1 Gila Z Reckess, Environmental News Network, 23 March 2000.
2 Alan Weisman, Los Angeles Times, 25 September 1994. He tells the story of Gaviotas in in his book Gaviotas: a village to reinvent the world (Chelsea Green, 1998).

Monica del Pilar Uribe Marín [image, unknown] Monica del Pilar Uribe Marín
is a Colombian journalist specializing in environmental issues.
Farming is increasingly dominated by large companies using modern farming practices which are a major contributor to global warming. Globally farming is responsible for eight per cent of greenhouse-gas emissions.
* Soil abuse Intensive tilling and lack of conservation causes the carbon in the soil to break down and be released into the atmosphere as CO2.
* Fertilizer frenzy Nitrogen-based fertilizers release into the atmosphere nitrous oxide (NO2), a greenhouse gas 310 times more powerful than CO2.

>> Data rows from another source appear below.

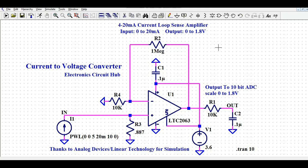Hello friends, welcome to Electronic Circuit Hub. Today we are going to understand about current to voltage converter using an operational amplifier.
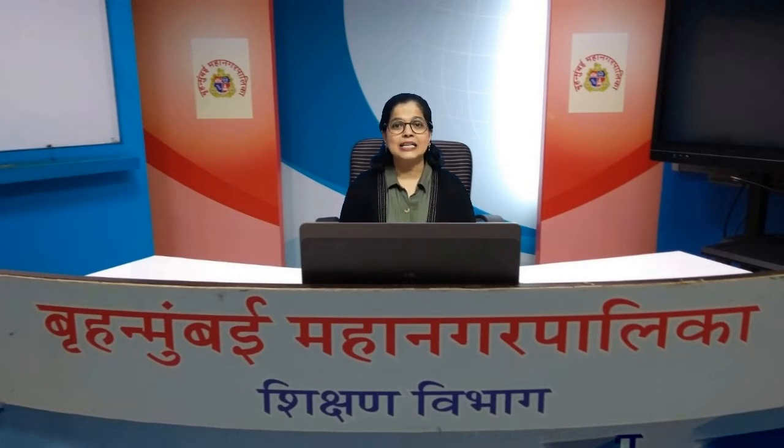Hello students, welcome to virtual class of Municipal Corporation of Greater Mumbai Education Department. I am Mrs. Akshata Kale and today we will learn English. Come on students, we will move to the lesson.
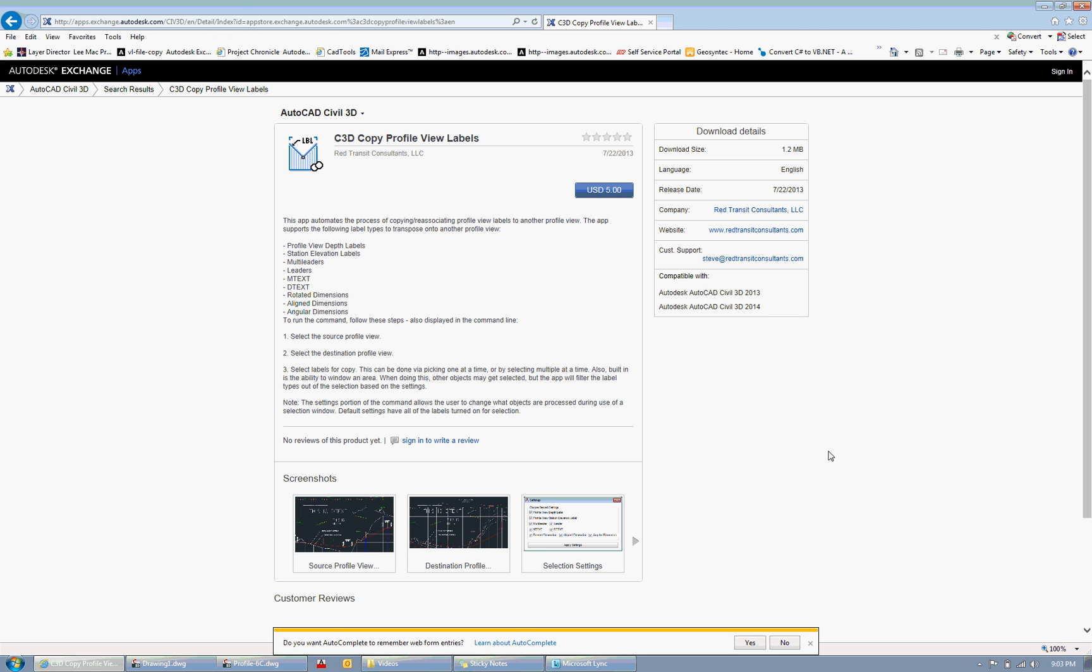It's pretty simple the way it works. You just pick the object or select the source profile view, and then you select the destination profile view, select the labels for copy, and then it automates that process.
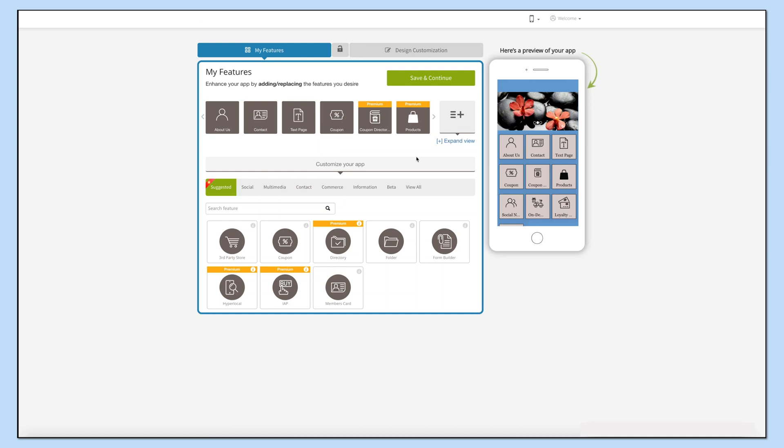Hello everyone. In this tutorial we will tell you how to add the recipe feature to your app. The recipe feature allows you to add recipes with images and step-by-step instructions, letting your app users create delicious dishes at home. You can also allow the app users to add their own recipes. Let's see how it is done.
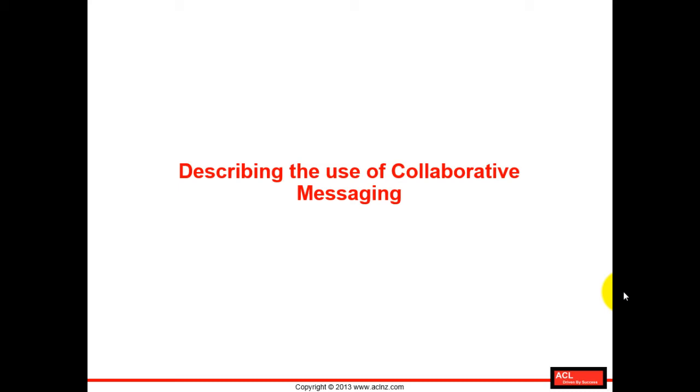Describing the use of collaborative messaging. Collaborative messaging is nothing but the online messaging between a buyer and supplier or vice versa. The best part of this messaging is that it can be accessed even after the RFX gets completed or even after the RFX gets closed. It keeps a track of all the messages online.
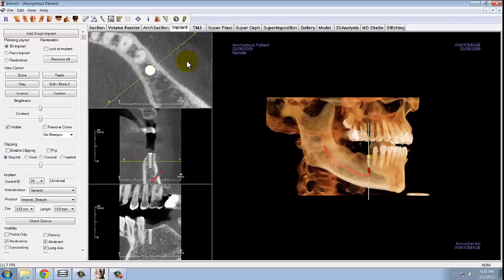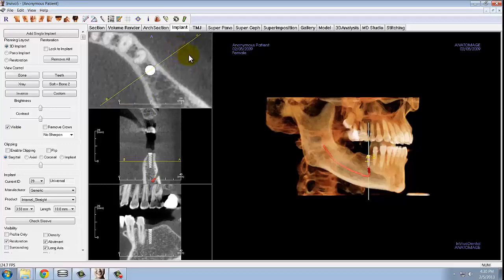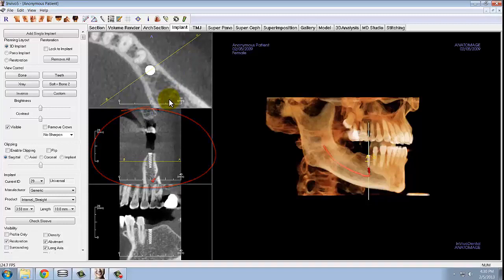Once the implant is situated at the crest, take the AB line and rotate it so that it is perpendicular to the arch. This AB line gives us the plane for the cross section shown in the box below. Having this line perpendicular to the arch gives us the most accurate view of the amount of bone we have. Forgetting to rotate this line so it is perpendicular to the crest is a common mistake, but this is crucial for visualizing the bone that you have.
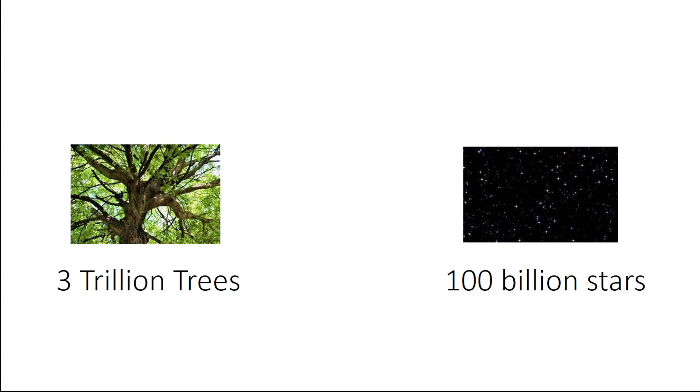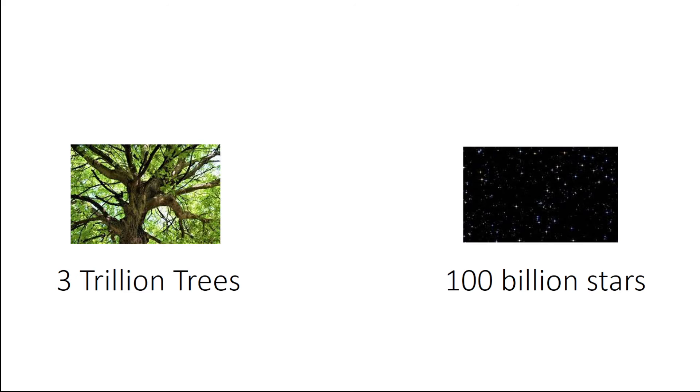So the Earth has 3 trillion trees and the Milky Way has 100 billion stars in the whole Milky Way galaxy.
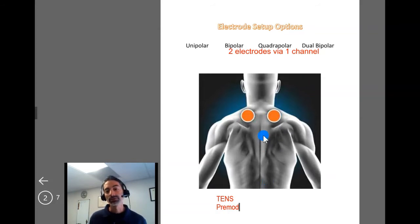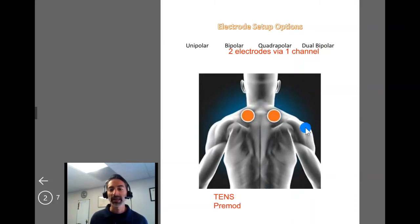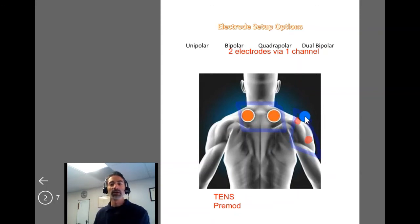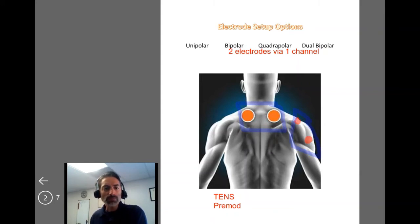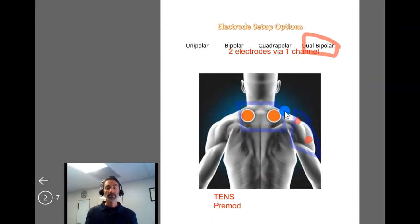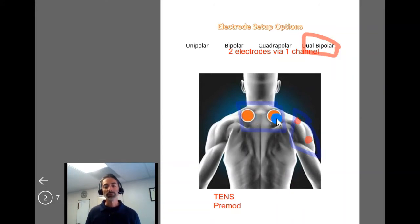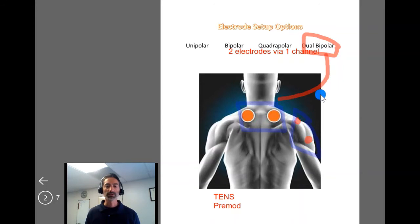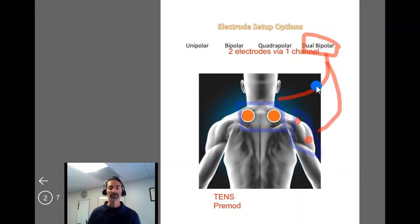Now, let's say the patient also had right shoulder pain in addition to cervical pain. In this case, you could have one channel focusing on the cervical spine and a second channel focusing on the shoulder. This would be called dual bipolar — two channels, channel one and channel two — each with separate parameters and settings. You'd turn up the intensity for the cervical spine separately from the intensity for the shoulder. It's dual bipolar when you have two independent channels that are not necessarily connected.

* Animal husbandry Most of farming’s greenhouse-gas emissions come from farming cattle and pigs. Cattle, pigs and other animals release methane in the process of digestion, as does their manure.
* Meat market Producing meat for human consumption requires at least 20 times more raw materials than producing grains, vegetables and fruit.

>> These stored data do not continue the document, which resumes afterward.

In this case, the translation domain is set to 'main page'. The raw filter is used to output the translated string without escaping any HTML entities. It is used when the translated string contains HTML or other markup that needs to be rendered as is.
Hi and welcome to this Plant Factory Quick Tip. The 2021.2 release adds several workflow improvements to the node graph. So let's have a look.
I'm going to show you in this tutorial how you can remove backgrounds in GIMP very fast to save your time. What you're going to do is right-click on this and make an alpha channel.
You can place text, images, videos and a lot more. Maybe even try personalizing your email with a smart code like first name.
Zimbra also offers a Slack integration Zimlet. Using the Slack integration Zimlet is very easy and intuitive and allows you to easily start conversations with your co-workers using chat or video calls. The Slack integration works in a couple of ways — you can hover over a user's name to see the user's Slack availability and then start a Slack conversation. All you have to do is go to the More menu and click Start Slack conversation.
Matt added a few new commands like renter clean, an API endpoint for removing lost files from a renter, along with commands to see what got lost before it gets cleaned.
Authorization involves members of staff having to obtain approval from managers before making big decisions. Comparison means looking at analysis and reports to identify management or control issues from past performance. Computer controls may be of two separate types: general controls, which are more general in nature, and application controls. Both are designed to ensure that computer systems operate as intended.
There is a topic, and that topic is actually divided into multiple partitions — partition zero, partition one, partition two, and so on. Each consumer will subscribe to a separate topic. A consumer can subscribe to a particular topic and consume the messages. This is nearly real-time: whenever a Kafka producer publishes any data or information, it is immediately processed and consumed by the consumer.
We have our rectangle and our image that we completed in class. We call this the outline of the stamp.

* Gas guzzling Diesel fuel used to run farm equipment and to transport produce over vast distances to a globalized market releases yet more CO2.
* Deforestation Industrial forestry clear-cuts in one area, leaving the forest to grow again from scratch. This damages the soil, drastically reduces the carbon stored in the forest and releases it as CO2 into the atmosphere. Half the world’s tropical rainforests have been cleared in the past 50 years, creating 12 per cent of greenhouse-gas emissions.
* Reforestation Some reforestation projects, funded by rich countries as carbon credits to offset their CO2 emissions, are now taking place in poor countries. In Uganda and Ecuador this has already led to local communities being forced off the land to make way for forestry corporations. There are also scientific doubts that creating more forests can really offset rising CO2 emissions or indeed reduce global warming. The result could be just more forest fires.

* Practise soil conservation Zero-tillage or simple scratch-ploughing instead of turning the soil over helps build deep, biologically fertile soil. Other methods of soil conservation include planting trees along contour ridges and retaining rain-water in lakes and ponds. Alternating crops also enriches the soil naturally.
* Shift to organic methods Organic farming builds carbon in the soil and works with nature’s biodiversity. It allows insects to control each other and fosters a rich ecological system.
* Avoid nitrogen fertilizers and use organic instead. Soil tests can show if nitrogen is really needed.
* Use manure well When manure rots in a liquid, oxygen-free environment it produces methane. It’s better to capture this and use it as a biogas to heat farm buildings than to let it escape into the atmosphere. Aerobic systems such as composting can yield less harmful dry manure ready to spread on fields.
* Reduce animals’ methane output Fermentation in the stomachs of cattle, pigs, sheep and buffalo produce 43 per cent of agriculture’s methane. Improving the nutrient balance and quality of livestock feed can reduce emissions.
* Make your own energy Farmers in windy areas such as the Canadian Prairies can earn $1,500 a year per wind turbine and generate green electricity without interrupting their farming. Farmers in Denmark can make even more money by forming their own wind co-operatives. Solar dryers can be used to dry fruit, vegetables, grains and herbs.
Low-grade grain, nutshells and other agricultural waste can be used to make ethanol as a fuel for vehicles.
* Stop eating animals As a consumer you can reduce the demand for meat and help reduce the source of most of farming’s greenhouse-gas emissions.
* Buy organic Support a growing market for sustainable agriculture and help campaign for subsidies of organic instead of industrial agriculture.
* Buy local Support local and small-scale farmers against the domination of agribusiness and help cut CO2 emissions from transport.
* Practise sustainable forestry This replaces clear-cutting with harvesting selected trees, leaving the forest standing.
* Buy good wood As a consumer, buy wood from forests that are eco-certified and campaign against government subsidies for large industrial loggers.